WHAT IS REQUIRED: Starting with the line that has "Movie still from" and finishing with the line that has "bathroom with baseboards, toilet, vanity, tile", set down each line below exactly. Pictures are not copied.

DATA RECORDS:
******

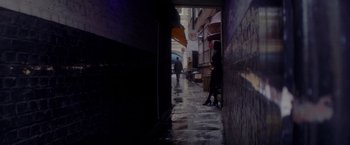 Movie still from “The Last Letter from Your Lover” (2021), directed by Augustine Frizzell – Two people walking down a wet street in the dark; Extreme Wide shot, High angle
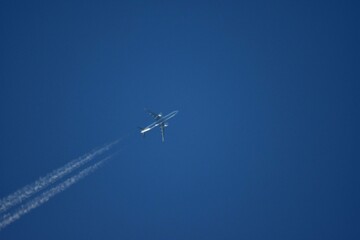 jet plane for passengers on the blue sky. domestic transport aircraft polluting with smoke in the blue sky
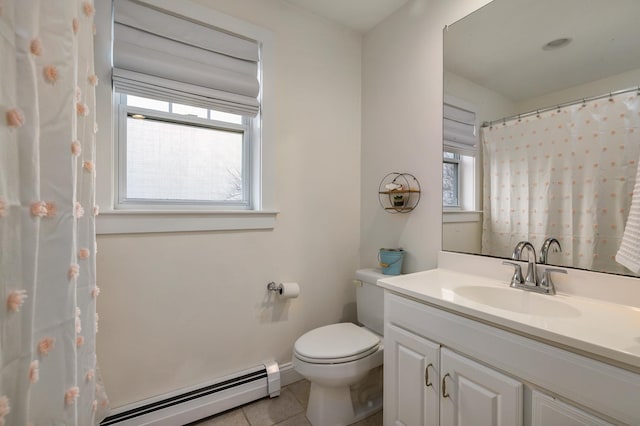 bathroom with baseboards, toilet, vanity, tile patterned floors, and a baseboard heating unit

******

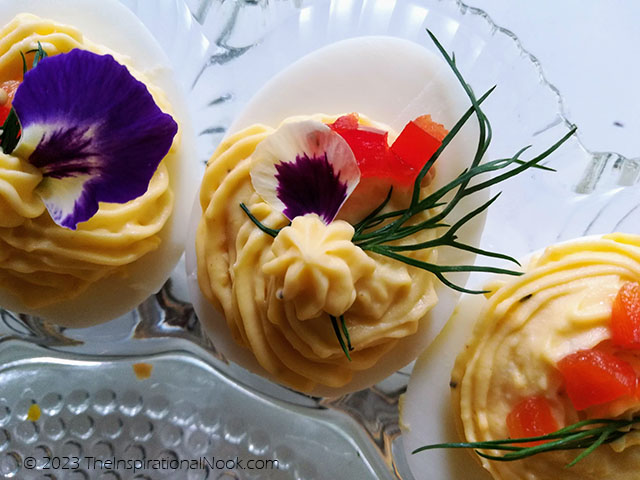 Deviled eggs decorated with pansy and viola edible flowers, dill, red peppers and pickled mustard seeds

******

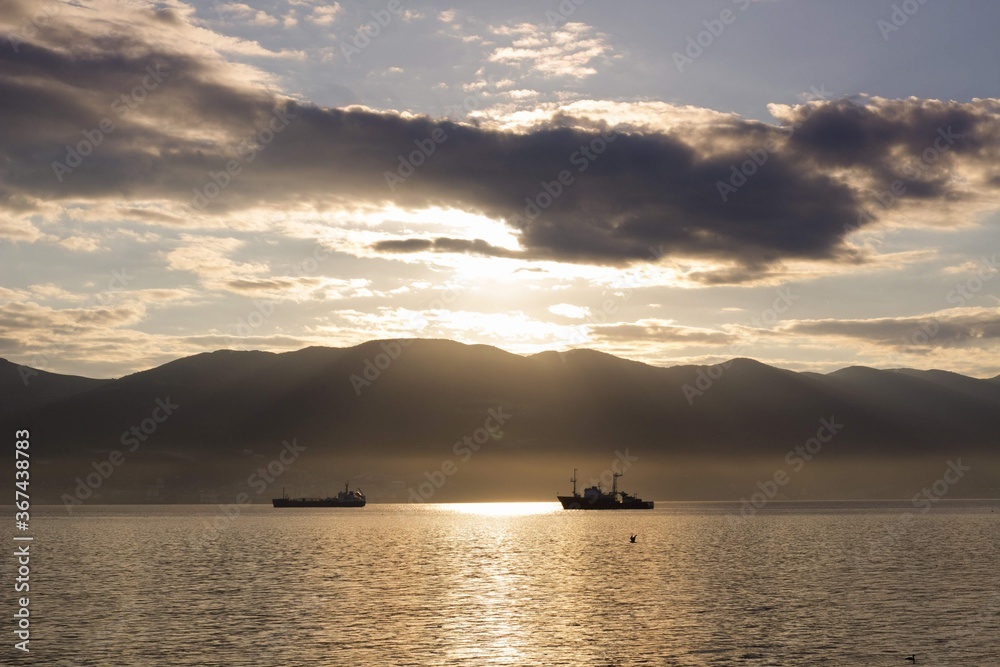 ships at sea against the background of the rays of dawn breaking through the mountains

******

TASK RESPONSE:
 Movie still from “The Last Letter from Your Lover” (2021), directed by Augustine Frizzell – Two people walking down a wet street in the dark; Extreme Wide shot, High angle
 jet plane for passengers on the blue sky. domestic transport aircraft polluting with smoke in the blue sky
 bathroom with baseboards, toilet, vanity, tile patterned floors, and a baseboard heating unit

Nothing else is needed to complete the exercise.